**Problem description**
Exact copies of the lines from the one holding "Photo 42 of Lamsrustlaan 115" through the last line of the entries below are to be printed, with pictures omitted.

[Stored data]

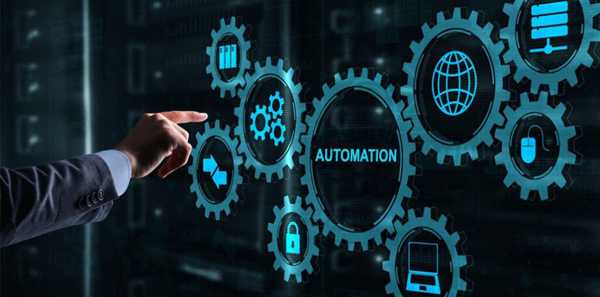 Unlocking Efficiency: Harnessing the Power of Automation Tools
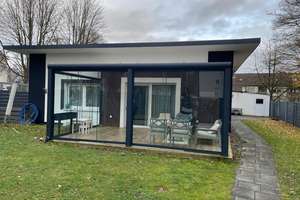 Von Privat ohne Makler Provision.Luxuriöses Einfamilienhaus mit 4 Zimmern in Dortmund-Nette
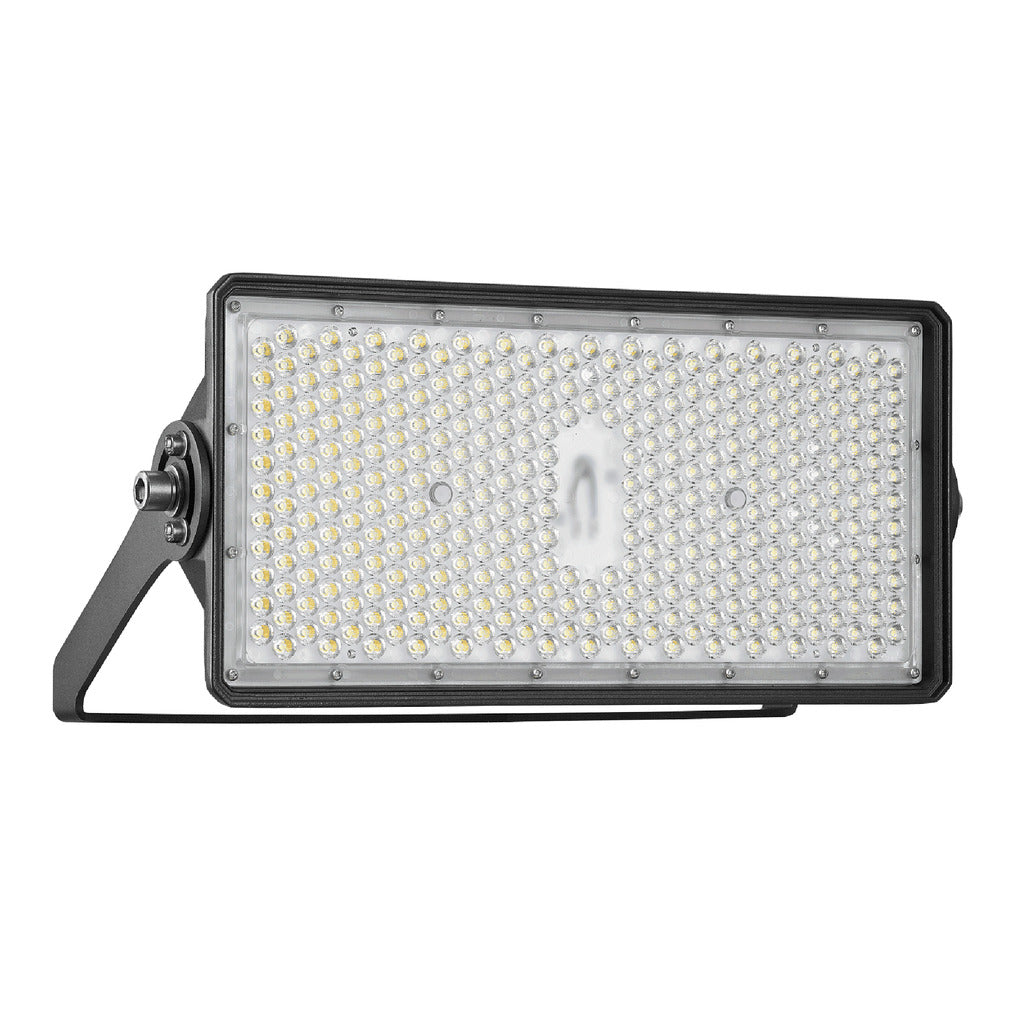 Flutlichtstrahler Iluminator LED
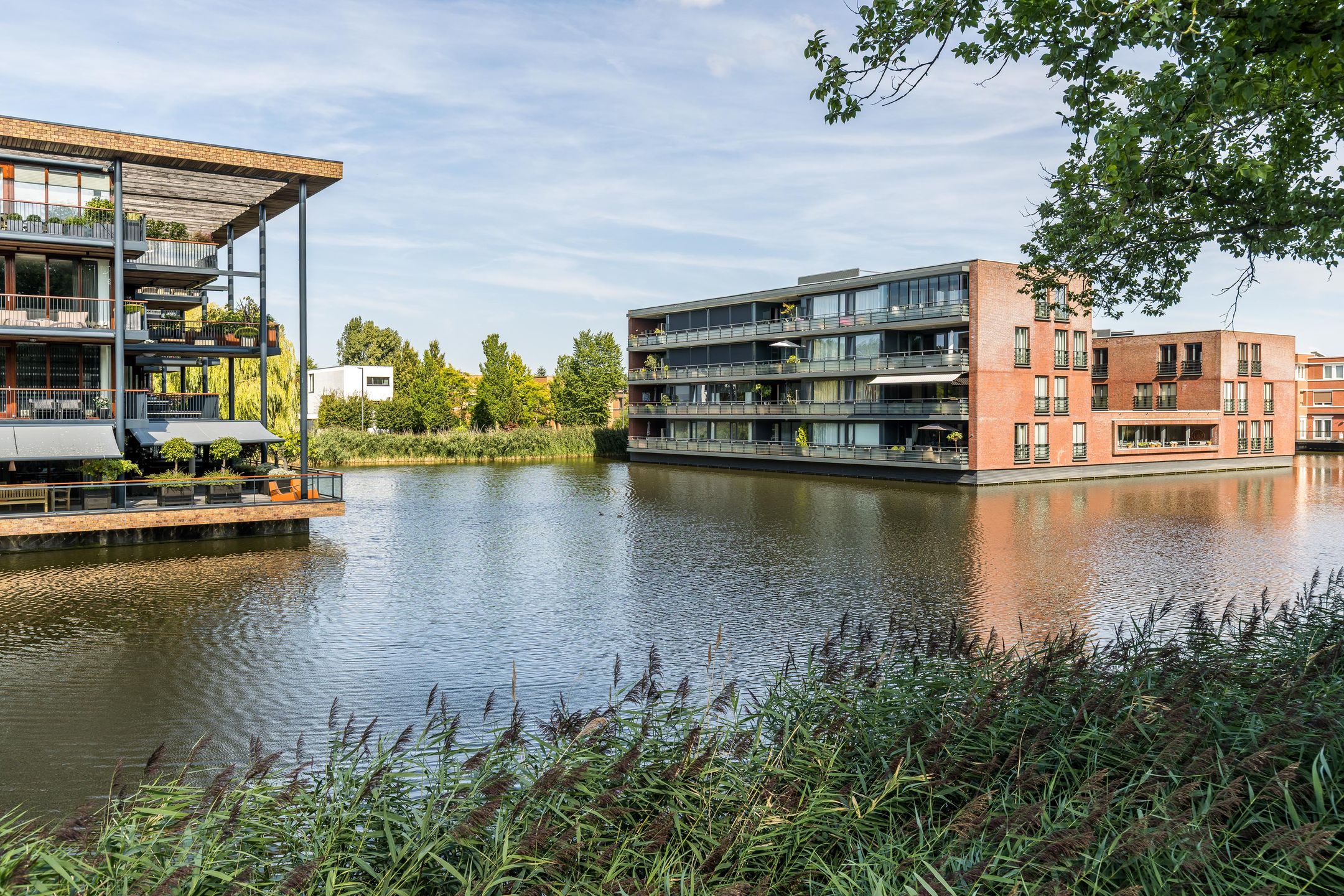 Photo 42 of Lamsrustlaan 115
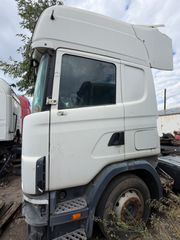Scania 2003 124L-thumb-3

**Written response**
 Photo 42 of Lamsrustlaan 115
Scania 2003 124L-thumb-3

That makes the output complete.